Leaves of the Arabidopsis ecotype Col release a mixture of volatiles containing the C16-homoterpene TMTT, the sesquiterpene (E,E)-α-farnesene, and the monoterpene β-myrcene in an induced response to herbivory, elicitor treatment, and the application of jasmonic acid or jasmonate mimics (van Poecke et al., 2001; Chen et al., 2003; Herde et al., 2008; Huang et al., 2010; Snoeren et al., 2010). AtTPS04 (At1g61120) catalyzes the formation of (E,E)-geranyllinalool as the first dedicated step in the biosynthesis of TMTT (Herde et al., 2008; Lee et al., 2010), while (E,E)-α-farnesene and β-myrcene are produced by the (E,E)-α-farnesene synthase AtTPS03 and presumably the β-myrcene/ocimene synthase AtTPS10, respectively (Bohlmann et al., 2000; Huang et al., 2010). Both AtTPS03 and AtTPS04 genes are induced locally at wound sites (Herde et al., 2008; Huang et al., 2010) (Figure 3c). The herbivore-induced volatile mixture was shown to attract parasitoids of herbivores (van Poecke et al., 2001; Loivamäki et al., 2008) and contributes to increased plant fitness (van Loon et al., 2000). Parasitoid attraction varies depending on the volatile blend emitted from different Arabidopsis ecotypes (Snoeren et al., 2010). For example, the ecotypes Col and Ws differ in their emission of (E)-β-ocimene, and this difference is due to a mutation that inactivates the (E)-β-ocimene-producing AtTPS02 in the Col ecotype (Huang et al., 2010).
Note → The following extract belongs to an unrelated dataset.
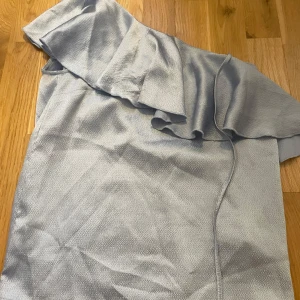 Fin blå blus med volang  - Så fin blå blus med volang som går snett över ena axeln. Kommer inte till användning men är så fin🥰passar S-L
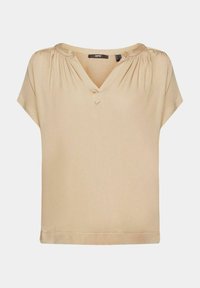 Top beige à manches courtes en tissu lisse. Il présente un décolleté en V avec des détails froncés aux épaules et un ourlet droit.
Although the genome sequence for Populus was published in 2006, the functions of only three poplar TPS cDNAs have been characterized so far, including two encoding isoprene synthase and one encoding a sesquiterpene synthase. All of these genes are involved in the formation of volatile terpenes. Genes encoding isoprene synthase have been isolated from P. alba × tremula (Miller et al., 2001) and P. alba (Sasaki et al., 2005). The proteins encoded by these two isoprene synthase genes are 99% identical, suggesting that they are variants of the same gene. The release of volatile isoprene, produced by isoprene synthase, from Populus accounts for a large amount of the biogenic carbon found in the atmosphere. It is believed that isoprene emission has a role in the ecological response of Populus to abiotic stress (Sharkey and Yeh, 2001; Behnke et al., 2007). A full-length cDNA (PtdTPS1) was isolated from P. trichocarpa × deltoides and shown to encode a sesquiterpene synthase responsible for the synthesis of insect-induced (−)-germacrene D (Arimura et al., 2004). The herbivore-induced local and systemic mono- and sequiterpenoid emissions produced by poplar TPS genes may serve functions in multitrophic defence (Arimura et al., 2004) and in within-plant signaling (Frost et al., 2008).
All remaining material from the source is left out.